(Short web captions)
###
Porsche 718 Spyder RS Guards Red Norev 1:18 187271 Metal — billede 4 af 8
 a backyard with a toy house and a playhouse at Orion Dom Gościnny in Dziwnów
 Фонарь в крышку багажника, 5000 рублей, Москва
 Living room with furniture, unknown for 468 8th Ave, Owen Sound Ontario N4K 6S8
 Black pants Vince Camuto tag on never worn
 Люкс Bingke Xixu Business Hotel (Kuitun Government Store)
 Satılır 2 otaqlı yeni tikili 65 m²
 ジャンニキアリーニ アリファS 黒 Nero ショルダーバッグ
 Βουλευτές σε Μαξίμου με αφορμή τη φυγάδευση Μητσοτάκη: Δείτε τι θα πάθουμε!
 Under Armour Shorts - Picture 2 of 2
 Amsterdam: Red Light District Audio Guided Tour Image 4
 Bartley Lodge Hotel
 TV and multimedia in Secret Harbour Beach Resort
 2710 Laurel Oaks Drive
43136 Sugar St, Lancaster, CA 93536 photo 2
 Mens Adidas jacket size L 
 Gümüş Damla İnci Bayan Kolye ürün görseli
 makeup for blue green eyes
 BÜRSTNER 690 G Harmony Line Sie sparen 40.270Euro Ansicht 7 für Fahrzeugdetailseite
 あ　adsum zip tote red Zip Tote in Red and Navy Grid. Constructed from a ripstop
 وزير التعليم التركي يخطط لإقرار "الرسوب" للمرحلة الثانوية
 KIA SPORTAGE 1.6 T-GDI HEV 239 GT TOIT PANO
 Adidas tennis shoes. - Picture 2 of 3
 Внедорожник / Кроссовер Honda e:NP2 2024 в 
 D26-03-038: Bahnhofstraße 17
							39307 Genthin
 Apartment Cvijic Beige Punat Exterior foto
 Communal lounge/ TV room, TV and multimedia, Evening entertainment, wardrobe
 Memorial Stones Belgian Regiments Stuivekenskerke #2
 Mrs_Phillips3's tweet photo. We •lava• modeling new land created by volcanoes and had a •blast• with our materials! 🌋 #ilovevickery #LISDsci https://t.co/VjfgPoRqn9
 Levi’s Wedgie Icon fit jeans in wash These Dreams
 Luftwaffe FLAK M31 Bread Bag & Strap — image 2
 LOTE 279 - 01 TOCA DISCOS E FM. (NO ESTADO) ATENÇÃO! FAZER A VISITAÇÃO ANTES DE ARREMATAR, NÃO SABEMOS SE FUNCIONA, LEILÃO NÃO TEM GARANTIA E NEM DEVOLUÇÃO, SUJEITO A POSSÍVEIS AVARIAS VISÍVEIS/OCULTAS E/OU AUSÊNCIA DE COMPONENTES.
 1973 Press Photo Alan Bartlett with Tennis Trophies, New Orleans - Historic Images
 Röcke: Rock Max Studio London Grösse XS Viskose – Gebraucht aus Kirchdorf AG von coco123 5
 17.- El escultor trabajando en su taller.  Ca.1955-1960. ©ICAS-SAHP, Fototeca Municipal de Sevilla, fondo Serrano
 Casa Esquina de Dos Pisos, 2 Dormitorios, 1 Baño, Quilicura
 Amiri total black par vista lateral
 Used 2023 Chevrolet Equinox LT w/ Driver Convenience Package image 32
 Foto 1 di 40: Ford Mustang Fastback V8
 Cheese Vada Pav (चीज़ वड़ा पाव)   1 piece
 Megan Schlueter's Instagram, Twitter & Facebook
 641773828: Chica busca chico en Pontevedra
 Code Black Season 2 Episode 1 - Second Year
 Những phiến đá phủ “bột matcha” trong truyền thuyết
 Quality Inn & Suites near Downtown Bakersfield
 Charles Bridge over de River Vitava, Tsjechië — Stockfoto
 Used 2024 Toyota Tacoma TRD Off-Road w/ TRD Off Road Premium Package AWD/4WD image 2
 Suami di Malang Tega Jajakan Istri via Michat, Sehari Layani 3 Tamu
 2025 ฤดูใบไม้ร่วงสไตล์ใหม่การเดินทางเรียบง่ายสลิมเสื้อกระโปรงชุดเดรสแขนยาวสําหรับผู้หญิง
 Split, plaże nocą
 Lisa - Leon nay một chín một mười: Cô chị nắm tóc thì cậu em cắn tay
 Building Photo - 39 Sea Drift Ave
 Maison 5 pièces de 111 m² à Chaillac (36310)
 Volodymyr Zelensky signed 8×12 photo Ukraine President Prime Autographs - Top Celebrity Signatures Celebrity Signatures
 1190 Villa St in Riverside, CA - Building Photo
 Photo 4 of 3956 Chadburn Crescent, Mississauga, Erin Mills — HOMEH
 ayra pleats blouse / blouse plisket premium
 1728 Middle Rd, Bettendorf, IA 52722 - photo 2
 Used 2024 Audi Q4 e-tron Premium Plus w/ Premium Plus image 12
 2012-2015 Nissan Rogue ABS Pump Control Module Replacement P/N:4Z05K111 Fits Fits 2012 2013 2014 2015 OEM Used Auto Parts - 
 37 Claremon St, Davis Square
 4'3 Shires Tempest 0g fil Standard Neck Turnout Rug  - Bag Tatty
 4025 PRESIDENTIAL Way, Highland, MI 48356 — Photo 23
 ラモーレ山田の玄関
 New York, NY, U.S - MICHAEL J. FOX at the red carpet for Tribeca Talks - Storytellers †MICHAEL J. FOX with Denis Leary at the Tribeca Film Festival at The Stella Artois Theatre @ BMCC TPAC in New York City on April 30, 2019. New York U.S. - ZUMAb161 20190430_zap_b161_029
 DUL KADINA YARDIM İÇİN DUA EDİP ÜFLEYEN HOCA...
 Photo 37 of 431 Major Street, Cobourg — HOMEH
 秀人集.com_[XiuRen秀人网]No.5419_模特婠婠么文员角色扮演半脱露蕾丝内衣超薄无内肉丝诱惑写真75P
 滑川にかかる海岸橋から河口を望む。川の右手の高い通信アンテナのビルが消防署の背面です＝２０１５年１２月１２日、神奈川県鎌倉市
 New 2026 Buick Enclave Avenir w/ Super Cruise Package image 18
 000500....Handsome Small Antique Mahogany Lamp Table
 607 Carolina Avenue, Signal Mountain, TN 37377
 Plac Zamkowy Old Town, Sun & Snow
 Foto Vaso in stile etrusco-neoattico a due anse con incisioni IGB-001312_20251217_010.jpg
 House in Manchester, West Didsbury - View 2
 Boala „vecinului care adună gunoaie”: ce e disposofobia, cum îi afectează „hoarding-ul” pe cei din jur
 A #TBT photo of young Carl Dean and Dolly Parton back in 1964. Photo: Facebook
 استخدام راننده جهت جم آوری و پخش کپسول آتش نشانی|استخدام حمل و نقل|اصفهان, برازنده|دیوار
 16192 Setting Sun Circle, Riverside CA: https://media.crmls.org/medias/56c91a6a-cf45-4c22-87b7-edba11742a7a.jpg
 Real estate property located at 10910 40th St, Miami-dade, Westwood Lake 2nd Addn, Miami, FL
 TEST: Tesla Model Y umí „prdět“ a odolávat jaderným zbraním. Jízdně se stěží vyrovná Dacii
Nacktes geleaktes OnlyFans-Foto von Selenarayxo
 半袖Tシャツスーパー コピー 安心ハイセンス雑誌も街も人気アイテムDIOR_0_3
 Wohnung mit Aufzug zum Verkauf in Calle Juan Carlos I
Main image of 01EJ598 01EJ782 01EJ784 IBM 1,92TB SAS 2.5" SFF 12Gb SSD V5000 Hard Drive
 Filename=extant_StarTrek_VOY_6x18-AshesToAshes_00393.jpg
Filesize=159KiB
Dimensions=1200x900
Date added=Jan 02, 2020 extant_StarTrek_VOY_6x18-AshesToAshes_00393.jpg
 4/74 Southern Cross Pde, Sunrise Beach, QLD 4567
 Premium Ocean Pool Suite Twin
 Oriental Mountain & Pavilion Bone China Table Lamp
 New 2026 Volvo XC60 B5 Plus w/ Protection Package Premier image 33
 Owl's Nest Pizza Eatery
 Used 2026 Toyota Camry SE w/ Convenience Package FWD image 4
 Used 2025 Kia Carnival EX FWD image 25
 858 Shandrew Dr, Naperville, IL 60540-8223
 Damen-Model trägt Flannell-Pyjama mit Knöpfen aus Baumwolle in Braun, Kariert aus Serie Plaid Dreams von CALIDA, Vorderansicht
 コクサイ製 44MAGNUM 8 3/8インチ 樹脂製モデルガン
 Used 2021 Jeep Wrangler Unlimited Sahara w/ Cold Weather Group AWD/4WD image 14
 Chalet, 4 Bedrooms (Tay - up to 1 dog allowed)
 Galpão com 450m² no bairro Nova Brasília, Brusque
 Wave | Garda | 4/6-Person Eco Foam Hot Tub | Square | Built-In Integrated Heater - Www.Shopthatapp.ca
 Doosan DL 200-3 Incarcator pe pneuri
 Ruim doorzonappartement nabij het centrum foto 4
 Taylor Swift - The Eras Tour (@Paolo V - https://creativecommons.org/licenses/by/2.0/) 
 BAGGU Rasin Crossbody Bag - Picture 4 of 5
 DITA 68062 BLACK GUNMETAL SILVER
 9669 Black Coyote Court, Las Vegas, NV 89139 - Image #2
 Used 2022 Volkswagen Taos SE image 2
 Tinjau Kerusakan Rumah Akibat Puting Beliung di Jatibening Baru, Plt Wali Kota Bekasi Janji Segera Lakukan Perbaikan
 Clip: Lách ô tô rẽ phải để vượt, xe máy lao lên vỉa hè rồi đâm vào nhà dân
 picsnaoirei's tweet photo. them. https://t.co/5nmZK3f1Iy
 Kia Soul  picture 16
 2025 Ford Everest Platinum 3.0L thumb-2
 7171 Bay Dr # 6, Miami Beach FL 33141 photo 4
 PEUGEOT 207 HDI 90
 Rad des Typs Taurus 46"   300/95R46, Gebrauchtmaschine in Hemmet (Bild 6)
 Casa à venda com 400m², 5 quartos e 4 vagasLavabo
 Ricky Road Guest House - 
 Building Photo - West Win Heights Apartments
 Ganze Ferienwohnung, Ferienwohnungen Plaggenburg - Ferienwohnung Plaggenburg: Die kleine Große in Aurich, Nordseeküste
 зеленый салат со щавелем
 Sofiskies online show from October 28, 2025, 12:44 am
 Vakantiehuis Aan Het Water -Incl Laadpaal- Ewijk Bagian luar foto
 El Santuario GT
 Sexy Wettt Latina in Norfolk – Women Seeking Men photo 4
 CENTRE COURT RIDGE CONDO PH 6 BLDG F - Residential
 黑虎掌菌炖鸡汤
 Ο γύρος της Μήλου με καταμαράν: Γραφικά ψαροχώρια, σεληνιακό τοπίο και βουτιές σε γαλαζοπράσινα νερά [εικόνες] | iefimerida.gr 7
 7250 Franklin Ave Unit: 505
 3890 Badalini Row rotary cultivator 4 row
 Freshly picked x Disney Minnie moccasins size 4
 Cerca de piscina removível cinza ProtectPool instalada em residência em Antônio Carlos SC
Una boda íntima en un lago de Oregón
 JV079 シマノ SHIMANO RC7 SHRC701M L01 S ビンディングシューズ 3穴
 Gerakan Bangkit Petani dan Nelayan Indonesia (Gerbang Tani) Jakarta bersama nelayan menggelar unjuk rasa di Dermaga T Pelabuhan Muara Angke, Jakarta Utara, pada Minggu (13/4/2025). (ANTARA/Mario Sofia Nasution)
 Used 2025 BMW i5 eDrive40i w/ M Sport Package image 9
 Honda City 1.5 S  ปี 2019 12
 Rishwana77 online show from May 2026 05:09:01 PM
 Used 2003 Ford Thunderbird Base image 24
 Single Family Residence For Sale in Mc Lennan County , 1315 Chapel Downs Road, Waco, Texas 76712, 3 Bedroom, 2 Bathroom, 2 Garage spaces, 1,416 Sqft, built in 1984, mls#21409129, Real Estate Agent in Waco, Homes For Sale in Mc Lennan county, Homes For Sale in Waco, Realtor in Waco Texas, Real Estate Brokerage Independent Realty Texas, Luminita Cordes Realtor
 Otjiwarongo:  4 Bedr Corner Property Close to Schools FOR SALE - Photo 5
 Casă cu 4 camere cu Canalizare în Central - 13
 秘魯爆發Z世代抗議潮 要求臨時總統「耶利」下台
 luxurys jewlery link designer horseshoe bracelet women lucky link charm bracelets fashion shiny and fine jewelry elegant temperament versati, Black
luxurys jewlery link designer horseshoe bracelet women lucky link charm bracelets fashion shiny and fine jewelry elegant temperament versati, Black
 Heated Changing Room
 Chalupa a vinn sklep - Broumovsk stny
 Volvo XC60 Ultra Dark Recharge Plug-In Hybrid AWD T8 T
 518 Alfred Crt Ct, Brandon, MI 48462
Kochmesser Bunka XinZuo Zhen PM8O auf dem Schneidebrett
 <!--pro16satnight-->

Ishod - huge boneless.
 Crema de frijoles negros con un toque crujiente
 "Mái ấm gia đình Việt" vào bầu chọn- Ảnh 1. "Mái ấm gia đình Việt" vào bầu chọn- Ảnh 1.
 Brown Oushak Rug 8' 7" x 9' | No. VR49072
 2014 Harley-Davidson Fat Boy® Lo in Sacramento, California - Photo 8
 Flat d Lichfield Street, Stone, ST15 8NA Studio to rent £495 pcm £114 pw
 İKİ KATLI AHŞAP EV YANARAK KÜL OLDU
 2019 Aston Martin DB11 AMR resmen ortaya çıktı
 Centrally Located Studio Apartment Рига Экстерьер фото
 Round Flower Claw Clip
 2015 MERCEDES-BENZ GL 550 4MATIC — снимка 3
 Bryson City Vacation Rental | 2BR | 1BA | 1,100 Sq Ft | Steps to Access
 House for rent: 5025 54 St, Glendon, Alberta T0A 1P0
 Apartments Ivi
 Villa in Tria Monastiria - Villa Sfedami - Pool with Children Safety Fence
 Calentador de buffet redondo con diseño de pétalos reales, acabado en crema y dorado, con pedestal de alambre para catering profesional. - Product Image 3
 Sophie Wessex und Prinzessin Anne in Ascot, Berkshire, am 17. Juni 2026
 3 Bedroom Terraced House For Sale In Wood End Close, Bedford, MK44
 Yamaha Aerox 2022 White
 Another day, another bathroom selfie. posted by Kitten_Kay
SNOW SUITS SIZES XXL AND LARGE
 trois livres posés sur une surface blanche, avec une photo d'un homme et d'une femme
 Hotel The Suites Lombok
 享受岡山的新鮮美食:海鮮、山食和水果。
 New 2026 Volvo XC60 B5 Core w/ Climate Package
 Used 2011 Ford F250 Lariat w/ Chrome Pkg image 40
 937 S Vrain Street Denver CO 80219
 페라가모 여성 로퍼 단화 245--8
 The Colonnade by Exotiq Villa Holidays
###
* **Work request**
Within the data above, the lines from the one with "Gümüş Damla İnci Bayan Kolye ürün görseli" to the one with "وزير التعليم التركي" must be repeated exactly; no other line belongs in the answer.

* **Answer space**
 Gümüş Damla İnci Bayan Kolye ürün görseli
 makeup for blue green eyes
 BÜRSTNER 690 G Harmony Line Sie sparen 40.270Euro Ansicht 7 für Fahrzeugdetailseite
 あ　adsum zip tote red Zip Tote in Red and Navy Grid. Constructed from a ripstop
 وزير التعليم التركي يخطط لإقرار "الرسوب" للمرحلة الثانوية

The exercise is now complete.